Back to Fall... the Weather one.. that most peeps associate with. Don't get excited, mosta the below, all stolen, as in plagiarized

Oh my gourd, I LOVE Fall!  Pumpkin kisses and harvest wishes.  I only have pies for you.  Let's give 'em pumpkin to talk about.  There are two times of year, Autumn and waiting for Autumn. Fall is my favorite color.

"As long as Autumn lasts, I shall not have hands, canvas and colours enough to paint the beautiful things I see."  Vincent Van Gogh.   We hearya Vince, oops.  Victor - that was sick, stop.  Eh, sorry. Nobody reads this crap anyways so it's fallen on deaf ears.  Oops again, sorry.

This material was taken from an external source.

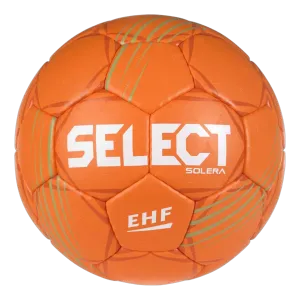 Ballon de Handball Solera V24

WHAT THE HELL HAPPENS IN FALL?

AC technicians and baseball players on really crappy teams plan, take, vacation. Housewives unite, drink wine, but only after they've helped (shoved?) their little ones out to hop on yellow busses.  School teachers, 'specially them new ones, follow the stern advice "Don't smile until Christmas."

Small towns, big towns, inbetween size towns, all the folks gather for Friday Night Lights. Queens and Kings are crowned, Orthopedic surgeons pad their bank accounts.

The Autumnal Equinox.  <The hell is that? Leaves get perty, then fall. Festivals. Bobbin' for apples. Most women, and, at least one fat, redheaded old man I know, would kill for a funnel-cake.

Goblins come out. We're forced to either smell their feet or give 'em sumpin good to eat.  Germans gather, get drunk. (How do you know that Victor SCHULTZE?)  I know nothing.

Harvest.  Where have all the produce pickers gone, long time passing.  Victor, that was political, you said you wouldn't do that any more. Sorry. Slipped. Fell out, I mean, Falled out. Birds get ready to fly South, turkeys ready to run for cover. WalMart puts Christmas crap out.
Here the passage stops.